→ **WORK ITEM**
Please find the line that holds "Dashboard Cover ダッシュマット、ブラックダッシュマット、ダッシュボードカバーフィットFord" below and reproduce it, along with every line after it through the end, exactly and without pictures.

Short descriptive text snippets
● ● ●

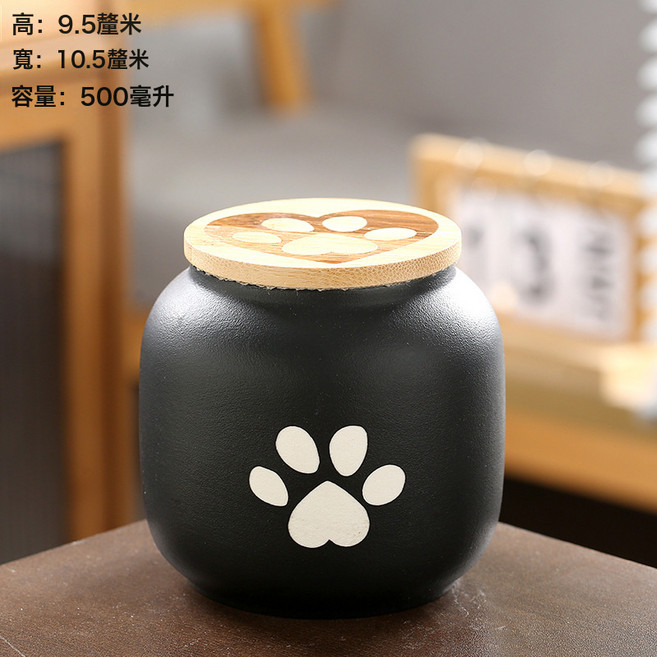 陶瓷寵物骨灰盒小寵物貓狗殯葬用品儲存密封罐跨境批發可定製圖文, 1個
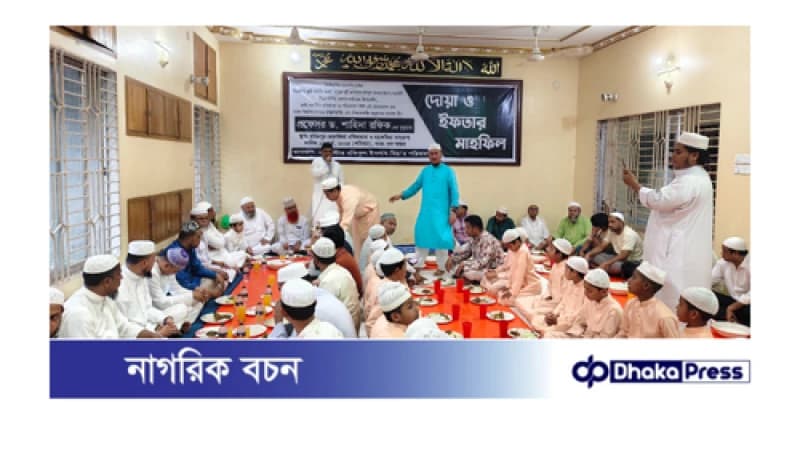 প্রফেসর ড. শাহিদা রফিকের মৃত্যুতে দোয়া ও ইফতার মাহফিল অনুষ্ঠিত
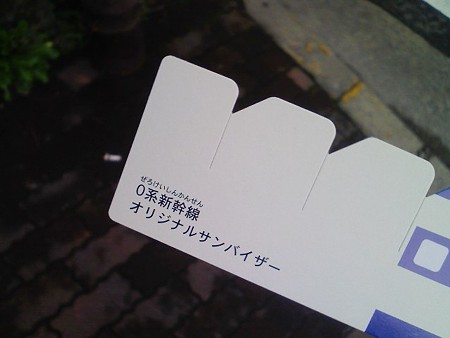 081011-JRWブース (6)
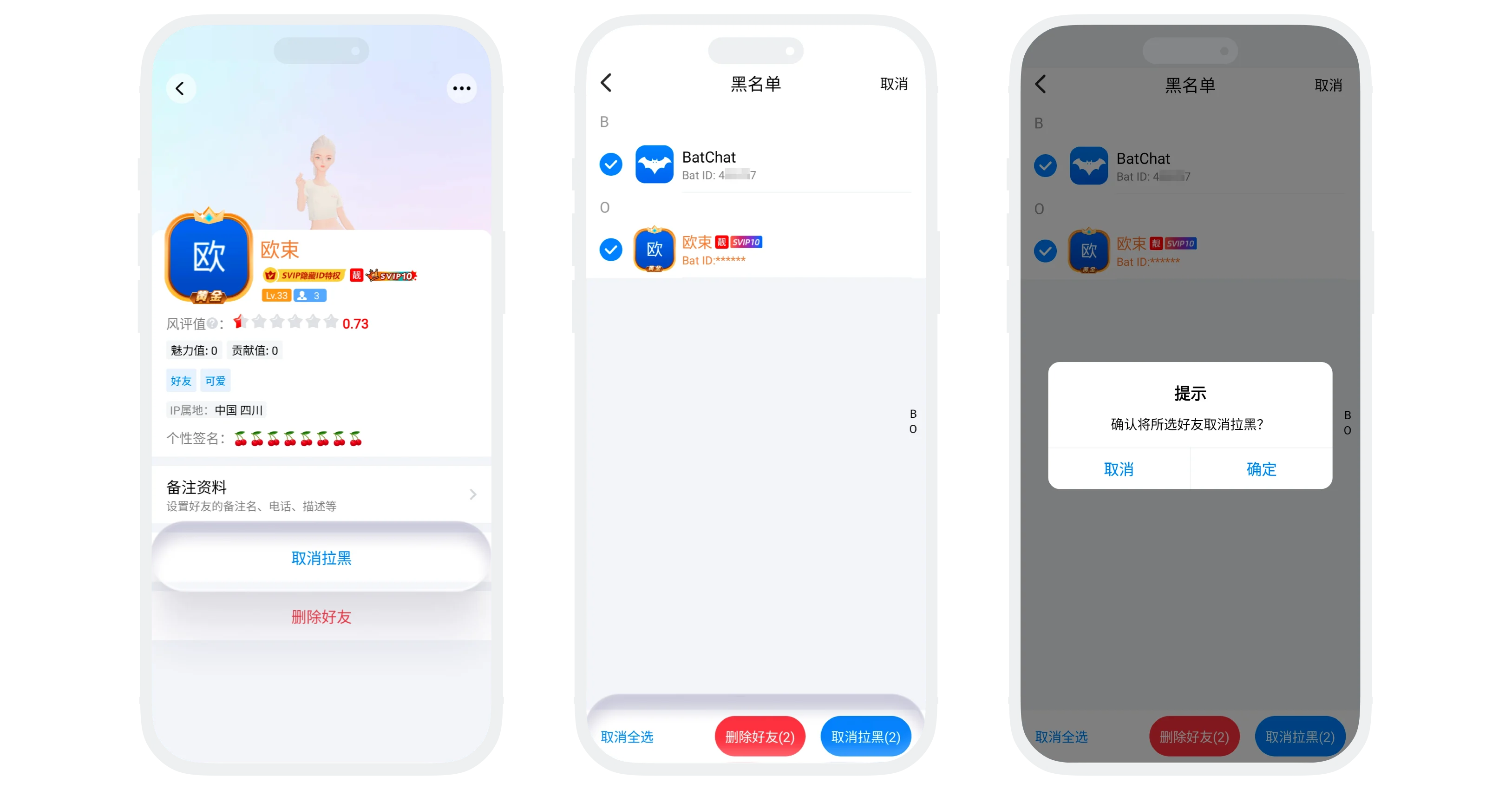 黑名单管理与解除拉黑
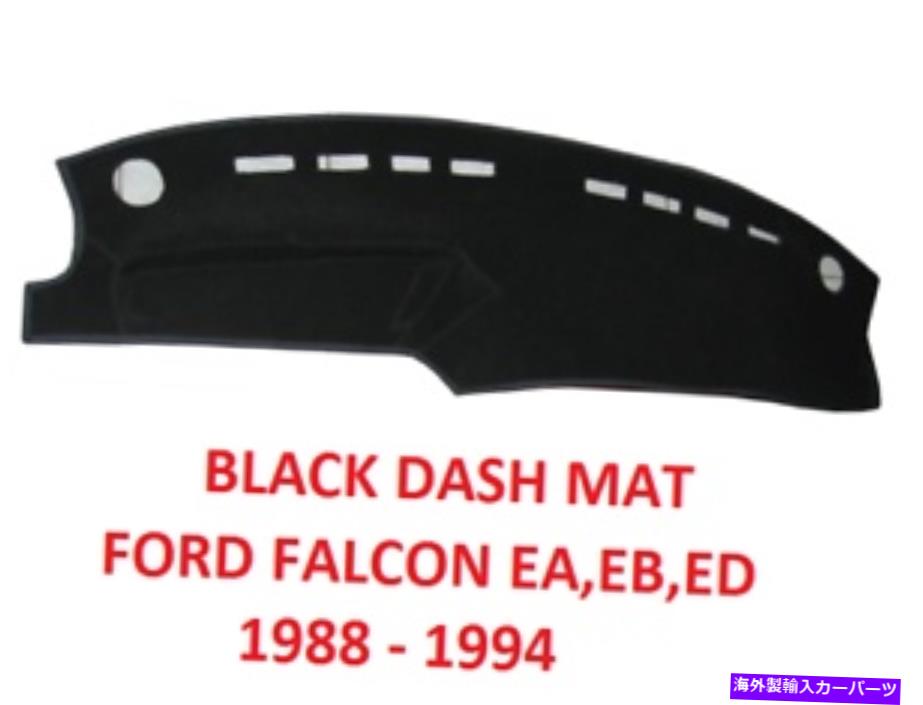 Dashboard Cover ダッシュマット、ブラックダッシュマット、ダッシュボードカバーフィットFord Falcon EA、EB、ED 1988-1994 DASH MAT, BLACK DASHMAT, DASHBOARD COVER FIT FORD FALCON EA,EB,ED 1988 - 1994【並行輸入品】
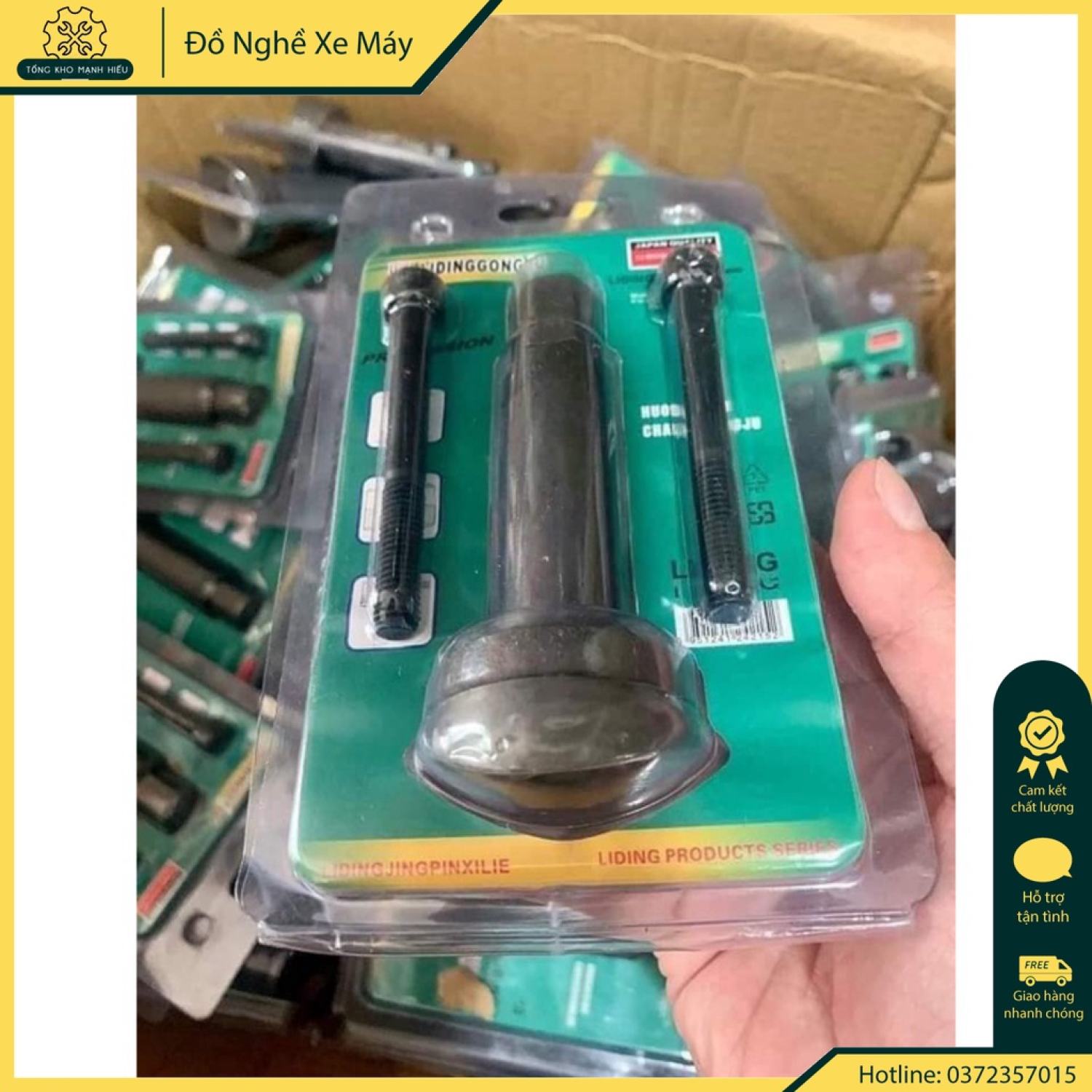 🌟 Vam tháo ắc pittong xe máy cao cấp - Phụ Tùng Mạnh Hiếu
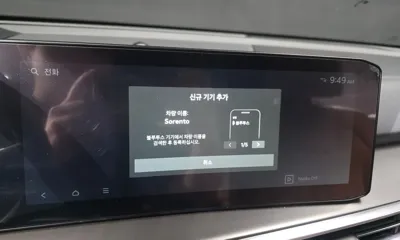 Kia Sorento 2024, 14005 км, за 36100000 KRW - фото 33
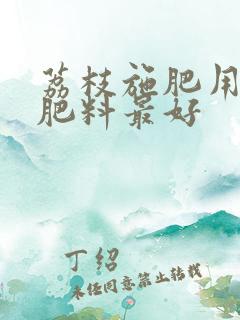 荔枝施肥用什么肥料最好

● ● ●

→ **ANSWER SPACE**
 Dashboard Cover ダッシュマット、ブラックダッシュマット、ダッシュボードカバーフィットFord Falcon EA、EB、ED 1988-1994 DASH MAT, BLACK DASHMAT, DASHBOARD COVER FIT FORD FALCON EA,EB,ED 1988 - 1994【並行輸入品】
 🌟 Vam tháo ắc pittong xe máy cao cấp - Phụ Tùng Mạnh Hiếu
 Kia Sorento 2024, 14005 км, за 36100000 KRW - фото 33
 荔枝施肥用什么肥料最好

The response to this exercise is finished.